Quantity Algebraic symbol Unit & Unit abbreviation
Voltage $V$ (or $E$) Volt V
Current $I$ Ampere (or Amp) A
Resistance $R$ Ohm $\Omega$

Ohm defined resistance as the mathematical ratio between applied voltage and resulting current. This formula become known as Ohm’s Law, perhaps the most basic formula in all of electrical science (shown here in three different forms, each one solving for a different variable):

\[R = {V \over I} \hskip 30pt V = IR \hskip 30pt I = {V \over R}\]

Verbally expressed, resistance is how much voltage it takes to force a certain rate of current through a conductive material. Many materials have relatively stable resistances, while others do not. Devices called resistors are sold which are manufactured to possess a very precise amount of resistance, for the purpose of limiting current in circuits (among other things).

Here is an example of Ohm’s Law in action: calculate the amount of current in a circuit with a voltage source of 25 V and a total resistance of 3500 \(\Omega\). Taking 25 volts and dividing by 3500 ohms, you should arrive at a result of 0.007143 amperes, or 7.143 milliamperes (7.143 mA).

One of the most challenging aspect of Ohm’s Law is remembering to keep all variables in context. This is a common problem for many students when studying physics as well: none of the equations learned in a physics class will yield the correct results unless all the variables relate to the same object or situation. For instance, it would make no sense to try to calculate the kinetic energy of a moving object (\(E = {1 \over 2}mv^2\)) by taking the mass of one object (\(m\)) and multiplying it by the square of the velocity of some other object (\(v^2\)).
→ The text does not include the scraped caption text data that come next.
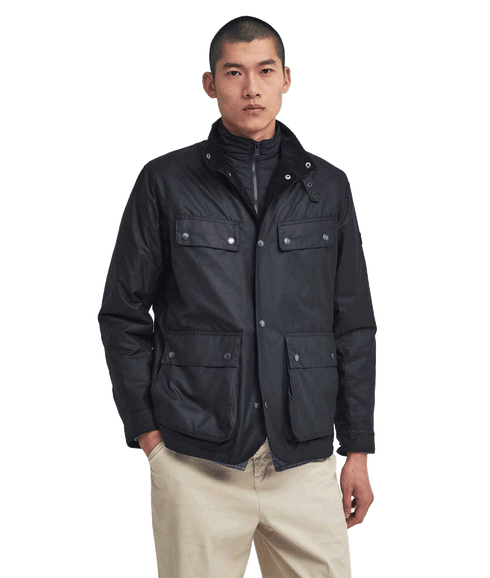 Wellstone Waxed Jacket - Black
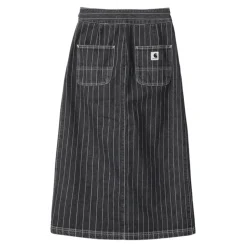 Carhartt WIP W' Orlean Nederdel, Black/White (Stone Washed), XS*Dame Nederdele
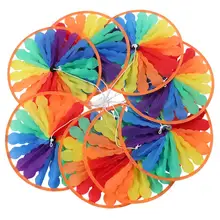 Современный дизайн декоративный ветер Spinn Радужная ветряная мельница сад открытый Крытый газон вечерние украшения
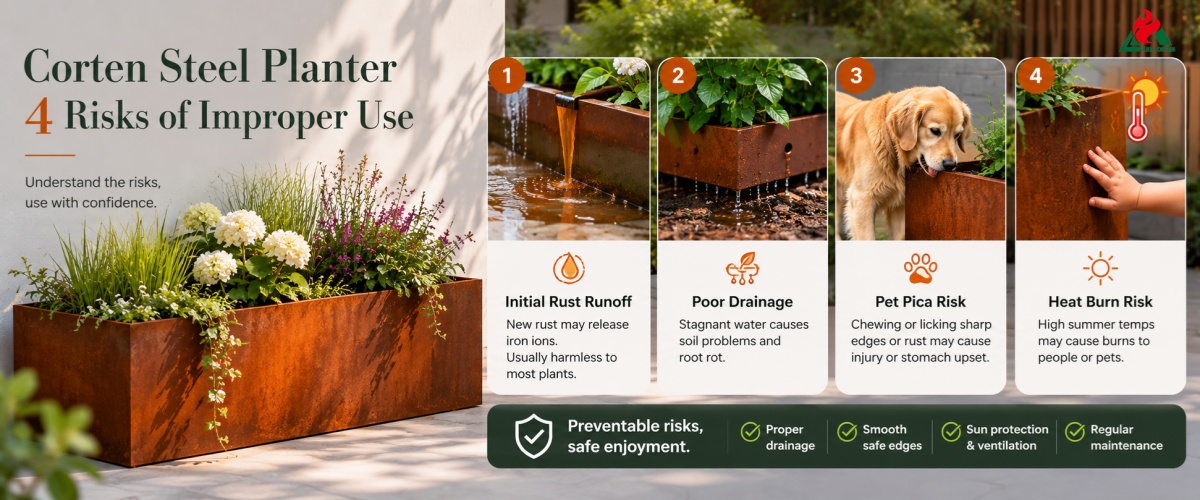Outdoor Metal Planter Wholesale Price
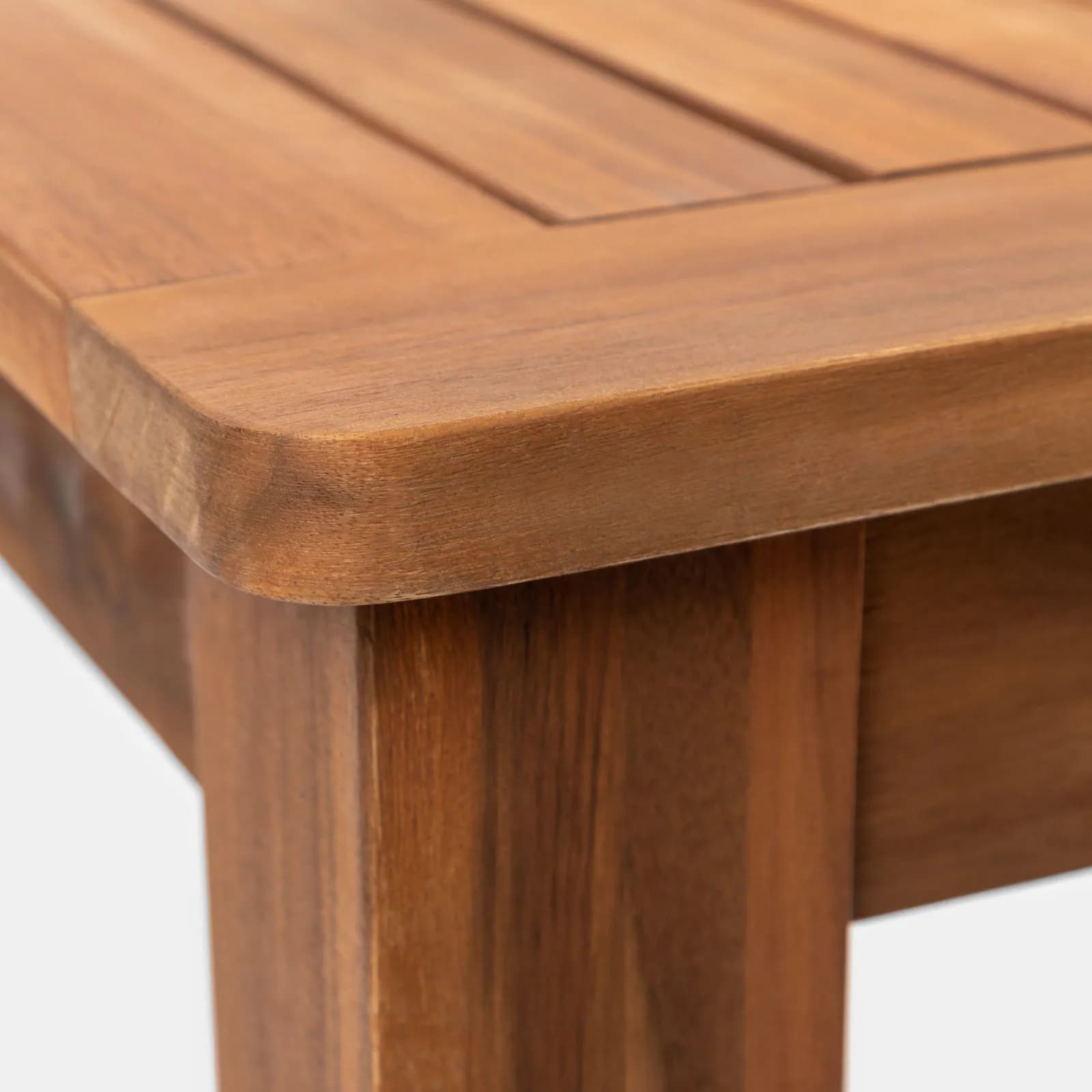 Set pranzo con tavolo 160x80 cm con 4 sedie pieghevoli in legno di acacia - Paja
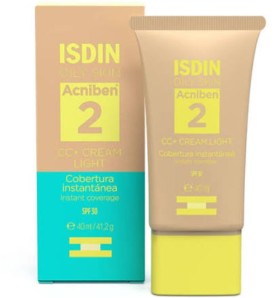 Isdin Oily Skin Acniben 2 CC+ Cream Light Anti-Ble &hellip;
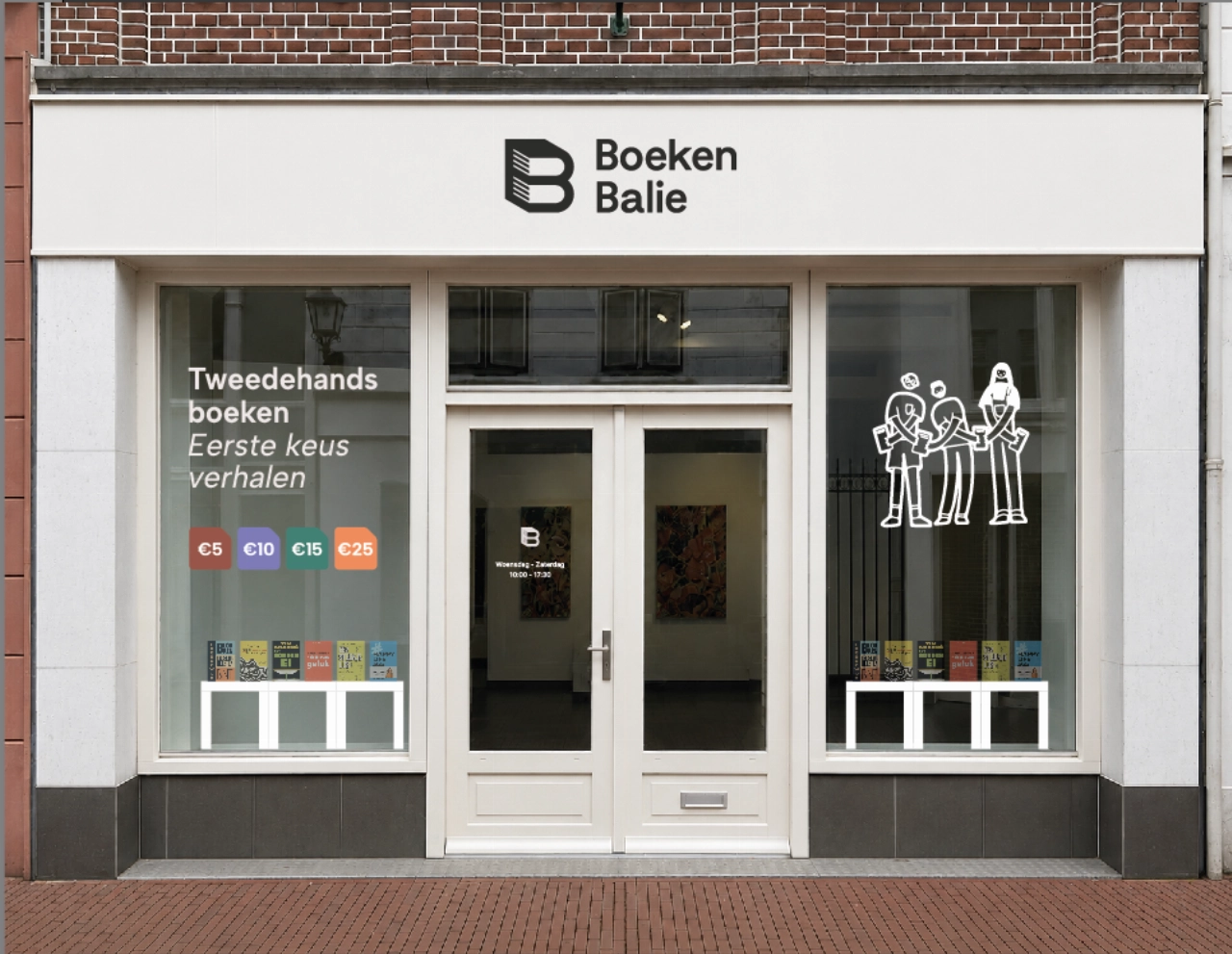 Boeken Balie opent tijdelijke winkel op Hoogstraat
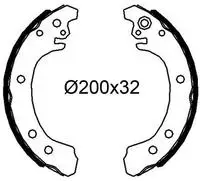 Valeo Bremsbackensatz 564339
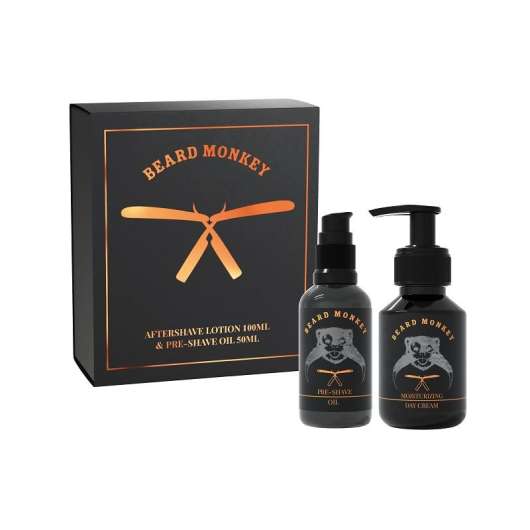 Giftset Beard Monkey Aftershave Lotion 100ml & Pre-Shave Oil 50ml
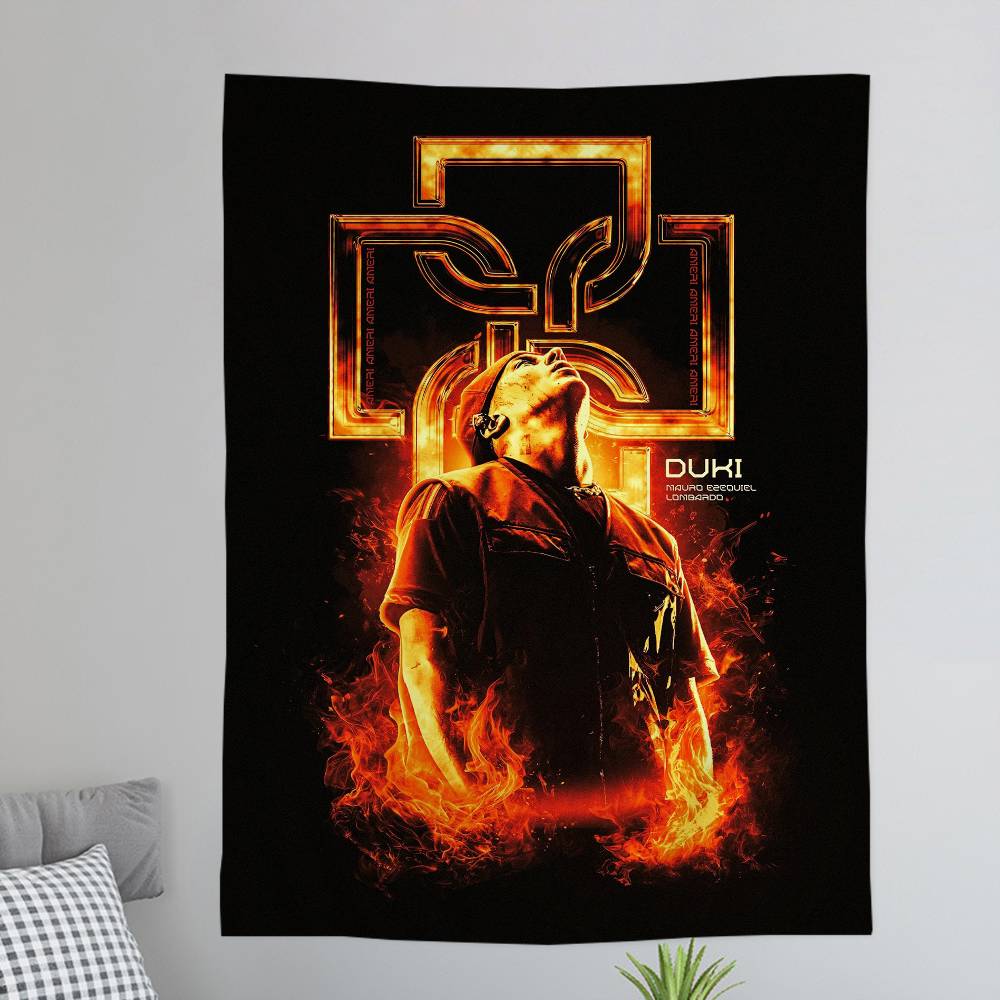 Rapper Duki Hippie Wall Hanging Tapestries Bohemian Wall Tapestries Mandala INS Home Decor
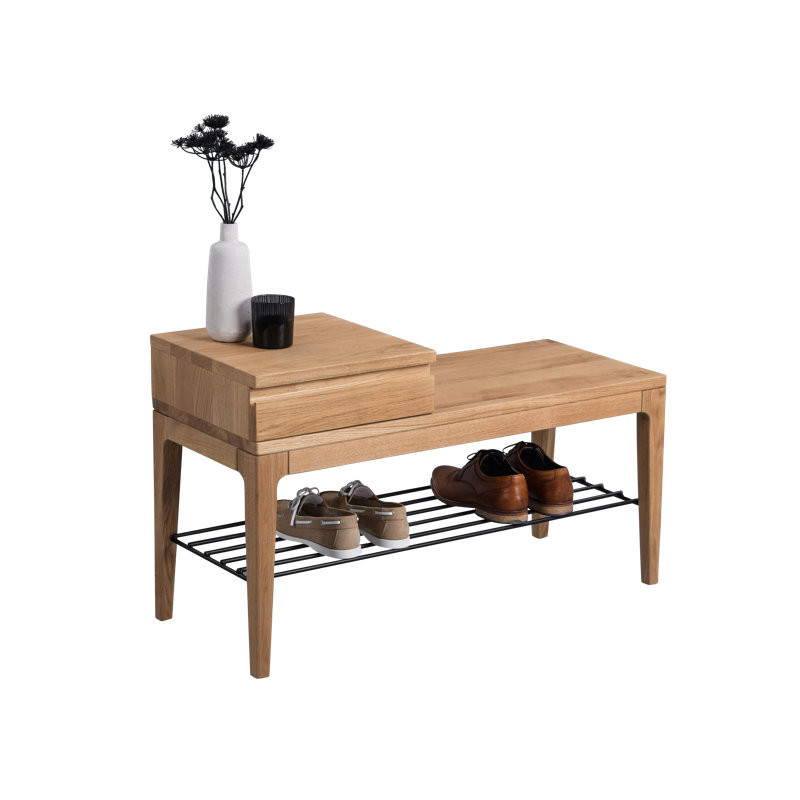Dornfelder Solid Wood Storage Bench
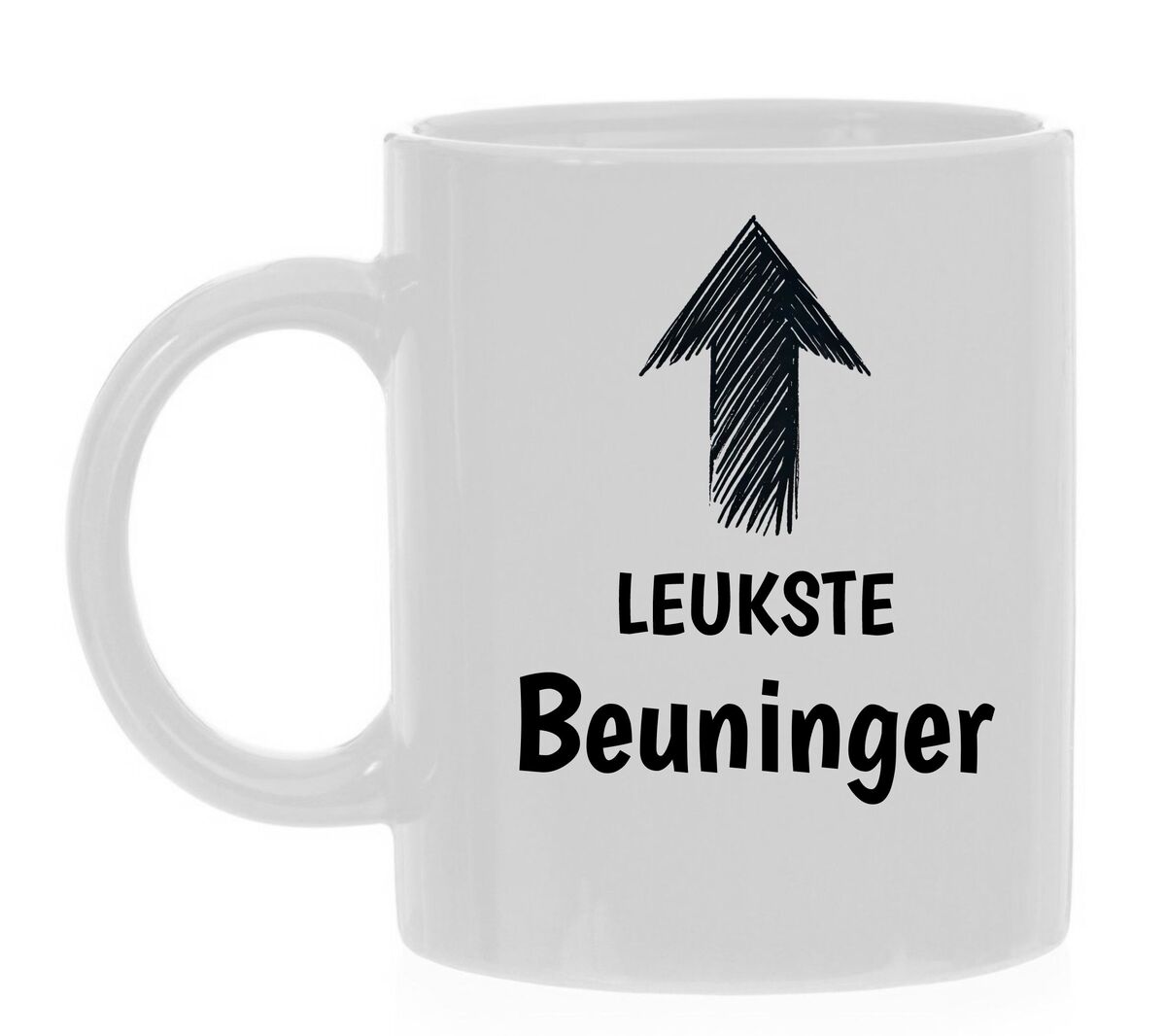 Witte mok voor de leukste Beuninger uit Beuningen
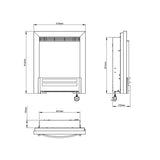 Flare Ember inset electric fire in chrome finish 2kW - British product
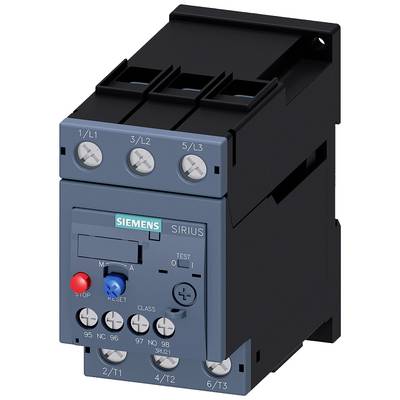 Trifalični elektronski motorni zaščitni odklopnik Siemens, model Sirius. Vsebuje upravljalne elemente in priključne sponke.
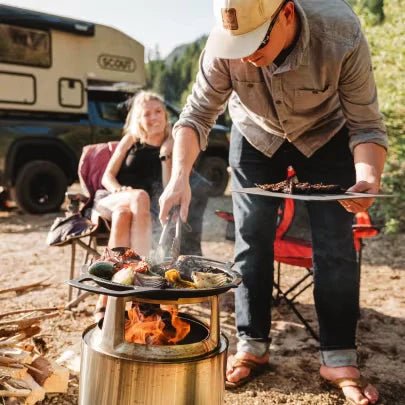 Solo Stove RANGER Gusseisen-Grillrost mit Aufsatz, Detailansicht 1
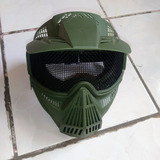 Careta Protectora Para Airsoft, Gotcha O Hidrogel Verde 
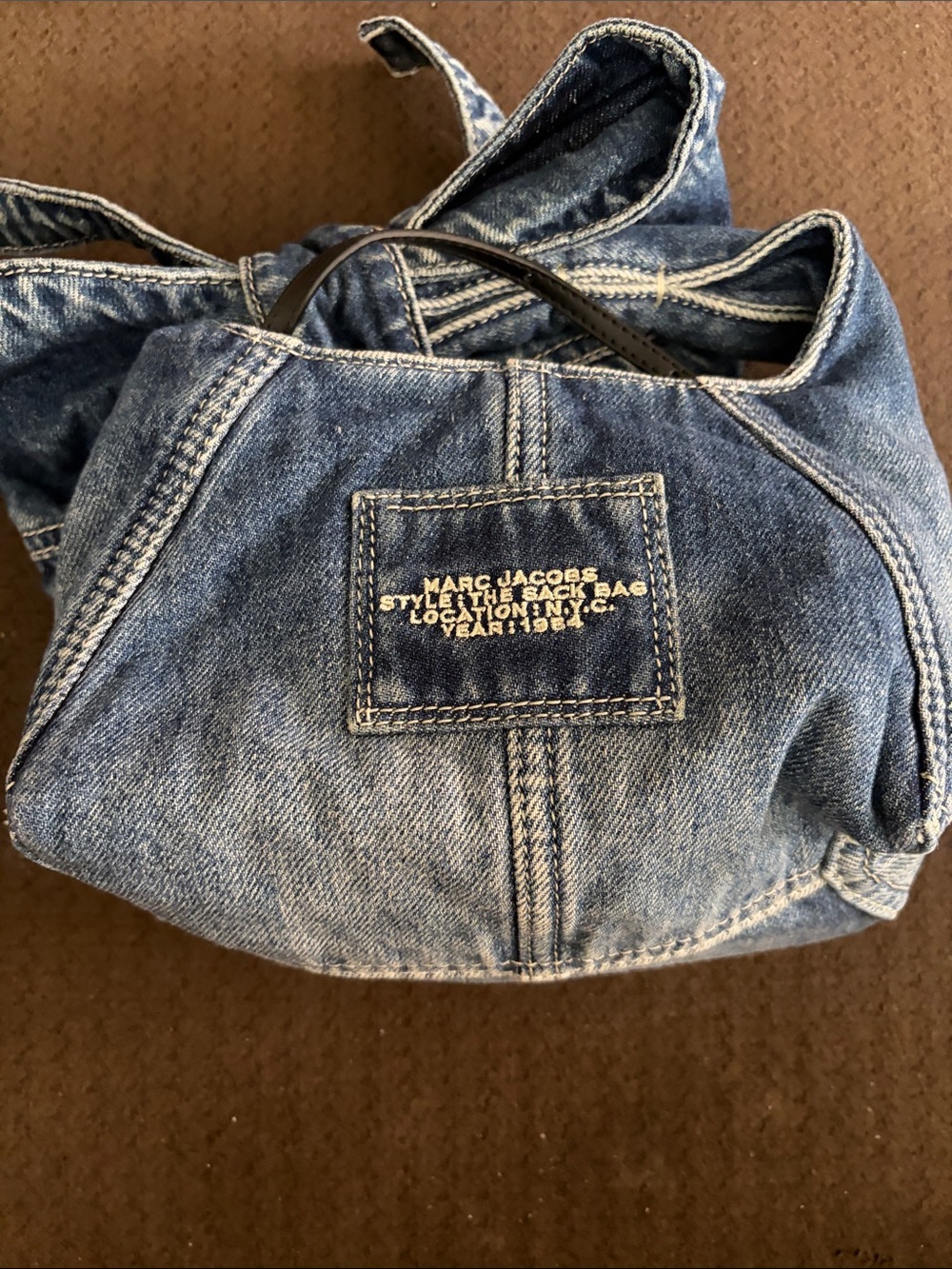 Marc Jacobs Denim The Sack Bag - Blue - Picture 4 of 8
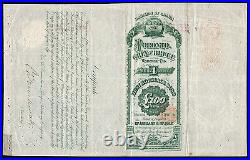 1884 Canada Toronto, Grey and Bruce Railway Company £100 Bearer Bond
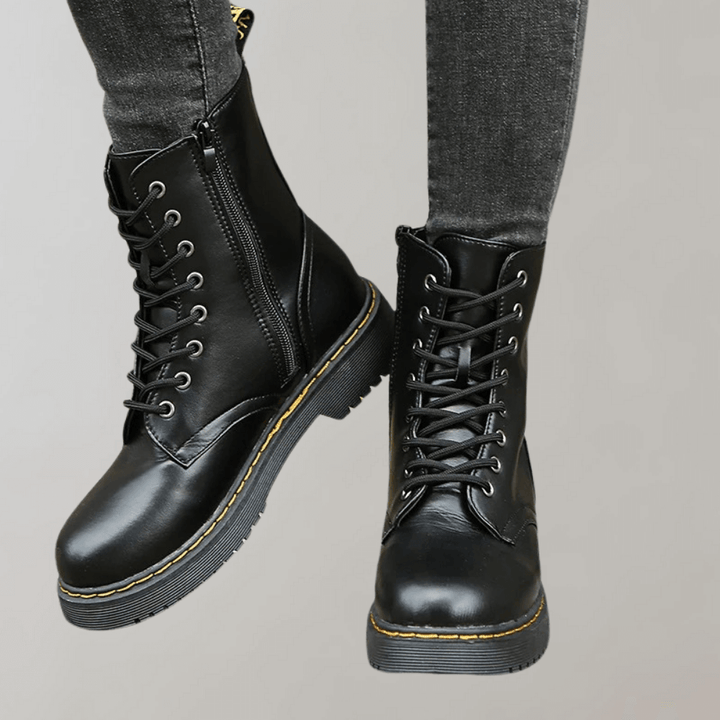 Comfortable Ladies Lace-Up Ankle Boots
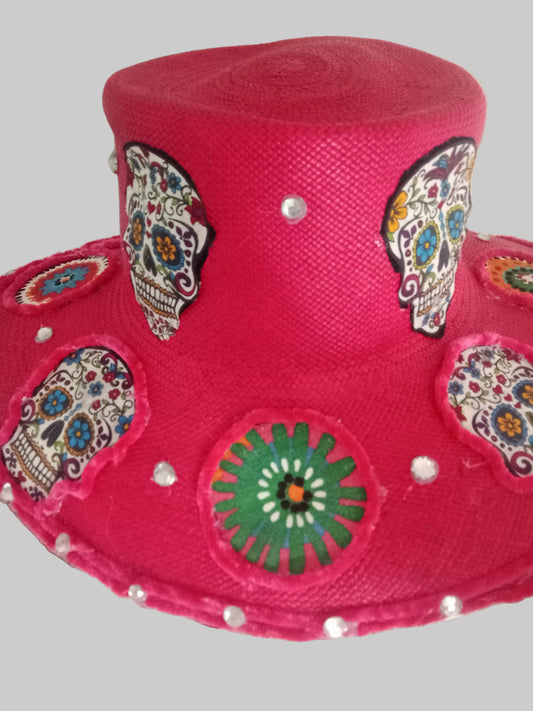 bolero hat in fuchsia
Likewise, with Ohm’s Law, we must make sure the voltage, current, and resistance values we are using all relate to the same portion of the same circuit.

If the circuit in question has only one source of voltage, one resistance, and one path for current, we cannot mis-apply Ohm’s Law. Expressing the previous example in a schematic diagram:

However, if we look at a more complex circuit, we encounter the potential for mis-application of Ohm’s Law because we have multiple resistances in the circuit rather than just one resistance:

Which resistance do we use to calculate current in this circuit? Do we divide our 25 volts by 3500 ohms like we did last time, or do we divide it by 1500 ohms, or something entirely different? The answer to this question lies in the identification of voltages and currents. We know that the 25 volt potential will be impressed across the total of the two resistances \(R_1\) and \(R_2\), and since there is only one path for current they must share the same current. Thus, we actually have three voltages (\(V_1\), \(V_2\), and \(V_{total}\)), three resistances (\(R_1\), \(R_2\), and \(R_{total}\)), and only one current (\(I\)):

Using the \(V = IR\) form of Ohm’s Law to relate these three voltages (\(V_1\), \(V_2\), and \(V_{total}\)) to the one current (\(I\)), we end up with three equations for this circuit:

\[V_{1} = I R_{1}\]

\[V_{2} = I R_{2}\]

\[V_{total} = I R_{total} = I (R_1 + R_2)\]

We can only solve for one unknown variable at a time in any equation. This means we cannot solve for \(V_1\) yet, because although we do know the value of resistor \(R_1\) (3500 ohms), we do not yet know the circuit’s current (\(I\)). Likewise for \(V_2\), because we do not yet know the value of \(I\). However, the third equation is solvable, since we happen to know the total voltage as well as both resistor values, leaving circuit current \(I\) as the only unknown variable. Manipulating this equation and solving for \(I\):

\[I = {V_{total} \over R_{total}} = {V_{total} \over R_1 + R_2} = {25 \hbox{ V}\over 3500 \> \Omega + 1500 \> \Omega} = 0.005 \hbox{ A} = 5 \hbox{ mA}\]

Now that we know the amount of current in this circuit, we may solve for \(V_1\) and \(V_2\) in the other equations to find that the voltage across resistor \(R_1\) is 17.5 volts, and that the voltage across resistor \(R_2\) is 7.5 volts.